> [GIVEN RECORDS]
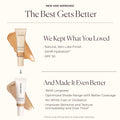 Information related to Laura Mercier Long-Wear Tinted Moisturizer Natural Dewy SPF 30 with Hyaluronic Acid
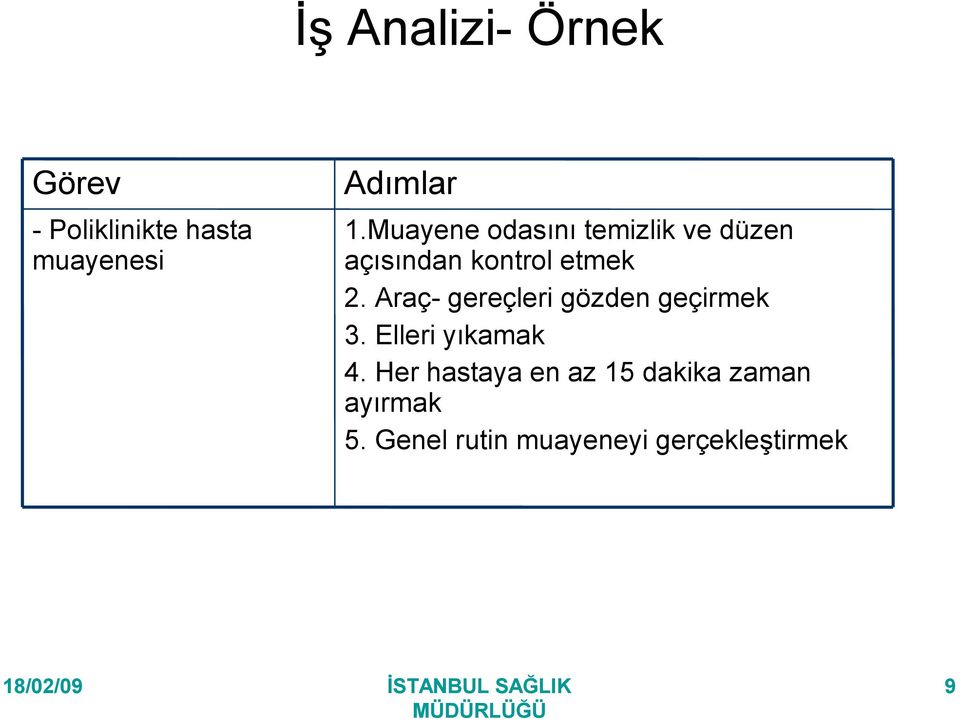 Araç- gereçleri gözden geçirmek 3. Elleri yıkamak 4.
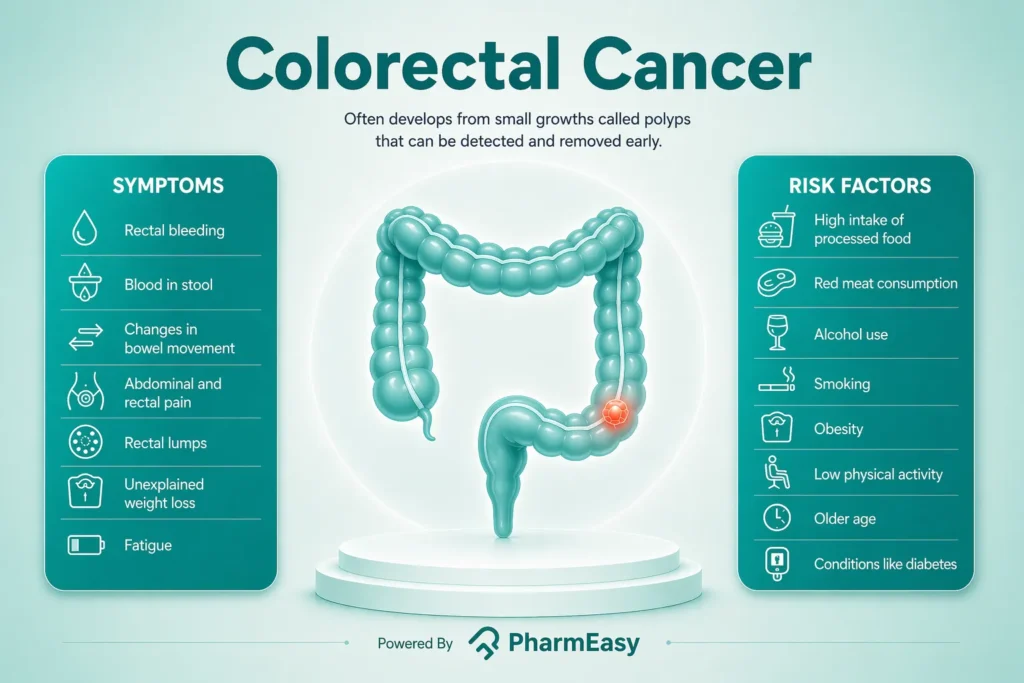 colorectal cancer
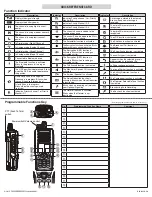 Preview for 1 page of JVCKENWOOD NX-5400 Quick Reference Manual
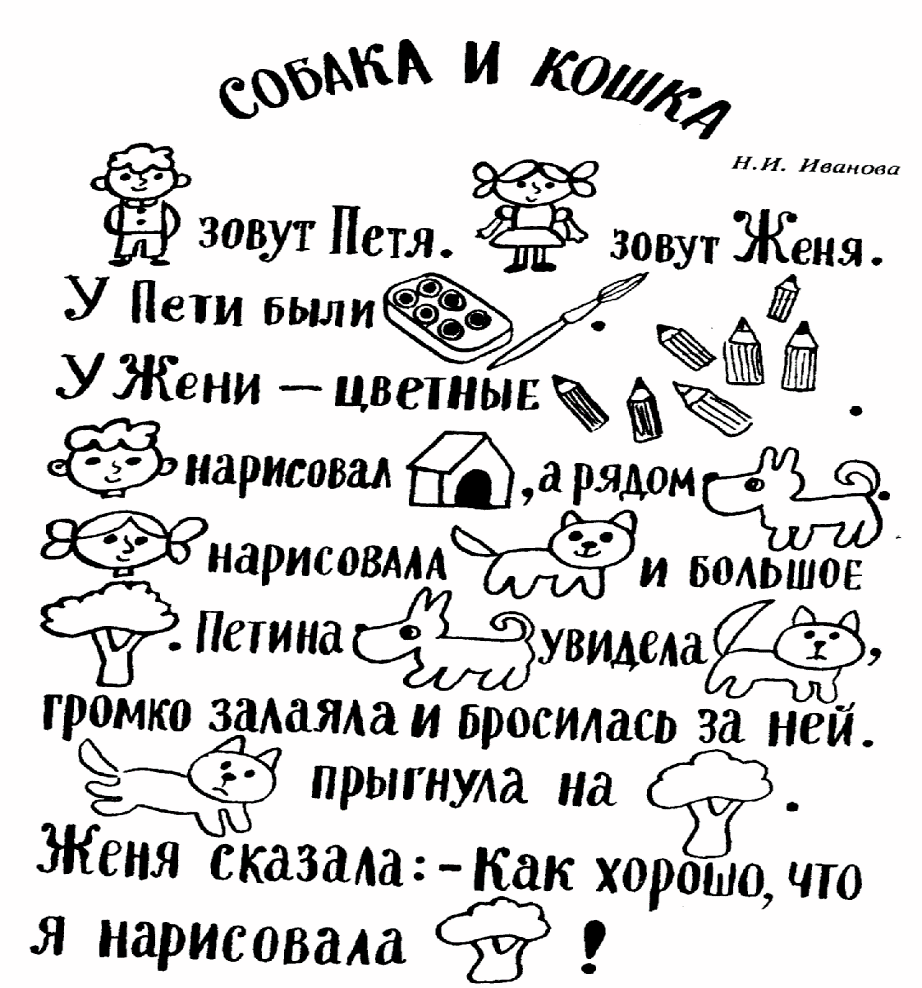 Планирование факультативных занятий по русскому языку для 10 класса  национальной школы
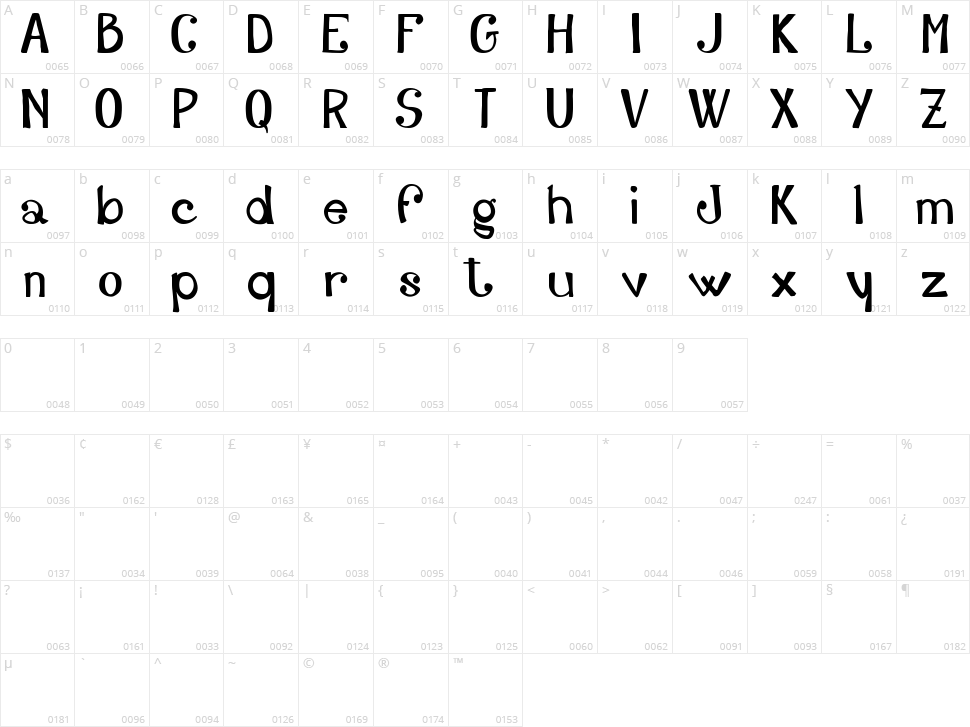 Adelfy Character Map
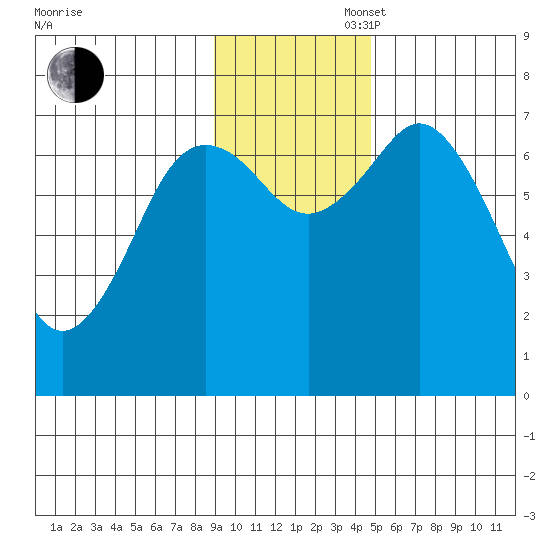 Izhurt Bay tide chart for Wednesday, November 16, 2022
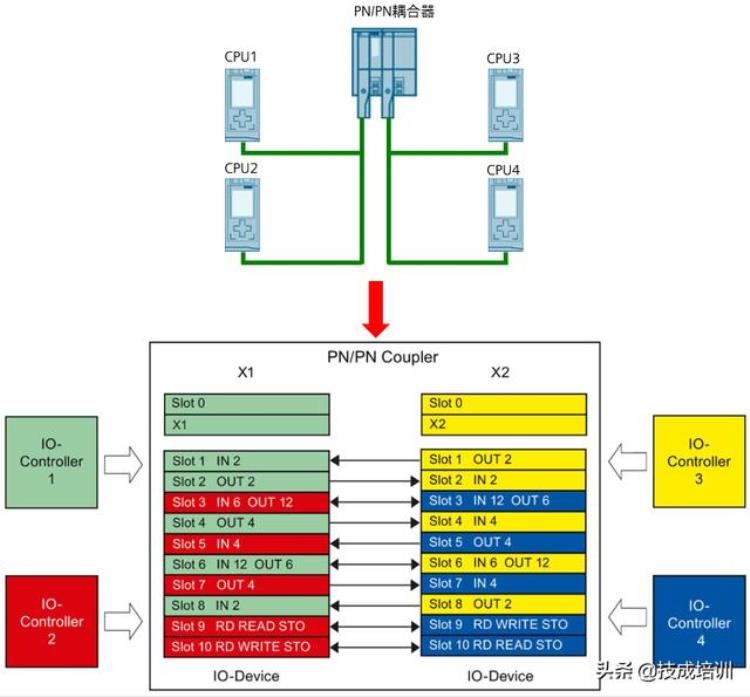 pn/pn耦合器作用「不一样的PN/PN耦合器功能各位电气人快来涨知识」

> [TASK DIRECTIONS] The expected output is exactly the lines from the one containing "Izhurt Bay tide" through the last line of the listing, both included, with every picture left out.

> [EXERCISE ANSWER]
 Izhurt Bay tide chart for Wednesday, November 16, 2022
 pn/pn耦合器作用「不一样的PN/PN耦合器功能各位电气人快来涨知识」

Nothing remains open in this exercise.